I only relatively recently started using Btrfs, so take it with a grain of salt, but personally the biggest thing for me is that it makes it significantly easier to manage more drives with less partitions. I think one of my bigger questions with this set-up is what utility a lot of these partitions serve, and what utility Btrfs might give them? Particularly the media partitions feel like. Why? To me. I understand the home partition being separate to root; if you mess up your root, you still have your personal files; but by having that home partition, your media files are already safe in case of corruption. Beyond that, I don't particularly see what a personal media partition serves to gain from using Btrfs? Compression probably would be at best redundant, as large volumes of media should already be stored compressed, and deduplication also most likely wouldn't be necessary. If what you stand to gain from it is just the RAID capabilities, it's worth considering that the utility of RAID gets significantly diminished when over partitioning.
Ultimately the point of this isn't to get you to decide against Btrfs, but to give you an idea of the things you may want to consider while making decisions about how you manage your files. All things considered, I think it may still be worth making these filesystems Btrfs for the sole reason of simplifying. Much easier to learn how to interact with one filesystem than many!!!

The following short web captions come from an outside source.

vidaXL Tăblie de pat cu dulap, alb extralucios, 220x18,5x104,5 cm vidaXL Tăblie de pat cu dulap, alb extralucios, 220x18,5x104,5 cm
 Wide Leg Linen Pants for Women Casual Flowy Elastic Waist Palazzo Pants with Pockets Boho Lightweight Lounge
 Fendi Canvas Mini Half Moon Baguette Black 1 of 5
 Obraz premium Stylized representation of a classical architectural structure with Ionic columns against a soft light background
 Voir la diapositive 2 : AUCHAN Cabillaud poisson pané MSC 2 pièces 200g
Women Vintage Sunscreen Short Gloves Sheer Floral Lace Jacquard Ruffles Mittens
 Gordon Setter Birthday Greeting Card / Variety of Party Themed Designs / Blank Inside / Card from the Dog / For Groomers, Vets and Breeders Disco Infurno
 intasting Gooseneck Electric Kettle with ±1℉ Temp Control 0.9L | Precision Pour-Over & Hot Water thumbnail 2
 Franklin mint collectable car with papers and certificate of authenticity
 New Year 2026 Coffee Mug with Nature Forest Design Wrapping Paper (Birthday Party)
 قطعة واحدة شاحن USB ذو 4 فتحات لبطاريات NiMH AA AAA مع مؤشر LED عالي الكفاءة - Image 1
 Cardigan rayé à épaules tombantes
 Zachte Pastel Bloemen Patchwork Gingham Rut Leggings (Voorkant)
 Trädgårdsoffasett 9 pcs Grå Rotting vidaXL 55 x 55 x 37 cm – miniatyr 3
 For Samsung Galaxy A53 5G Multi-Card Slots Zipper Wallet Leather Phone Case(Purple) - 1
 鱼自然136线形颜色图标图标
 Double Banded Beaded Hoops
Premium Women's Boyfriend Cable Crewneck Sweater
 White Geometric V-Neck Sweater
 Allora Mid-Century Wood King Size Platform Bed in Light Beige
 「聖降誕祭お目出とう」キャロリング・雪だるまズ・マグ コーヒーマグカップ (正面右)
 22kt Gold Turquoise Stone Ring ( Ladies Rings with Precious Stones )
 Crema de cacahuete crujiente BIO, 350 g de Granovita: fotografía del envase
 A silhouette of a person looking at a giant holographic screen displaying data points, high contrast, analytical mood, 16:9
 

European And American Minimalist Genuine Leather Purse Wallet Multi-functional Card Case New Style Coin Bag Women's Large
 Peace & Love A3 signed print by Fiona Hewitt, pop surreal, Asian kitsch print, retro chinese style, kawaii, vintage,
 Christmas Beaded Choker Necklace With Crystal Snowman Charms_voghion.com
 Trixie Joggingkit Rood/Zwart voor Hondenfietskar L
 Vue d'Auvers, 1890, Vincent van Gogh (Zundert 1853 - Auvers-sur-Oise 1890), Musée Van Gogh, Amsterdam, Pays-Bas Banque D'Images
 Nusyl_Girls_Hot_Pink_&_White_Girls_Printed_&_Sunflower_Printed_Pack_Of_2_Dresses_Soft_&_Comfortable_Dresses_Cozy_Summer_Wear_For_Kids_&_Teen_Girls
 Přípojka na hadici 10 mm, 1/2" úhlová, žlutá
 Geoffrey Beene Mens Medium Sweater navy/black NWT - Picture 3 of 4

P.S. after also recently switching to rEFInd I'd recommend starting with installing GRUB, and then when you're able to boot into Linux, THEN switch to rEFInd. It has an issue where, when chrooted, it won't generate the correct boot configuration of the system you're installing it on, it will generate a configuration that would work for the system you installed it from. So if you're installing from an installation medium, it'll generate the correct config for the installation medium to boot, but NOT the system that you're installing Linux on.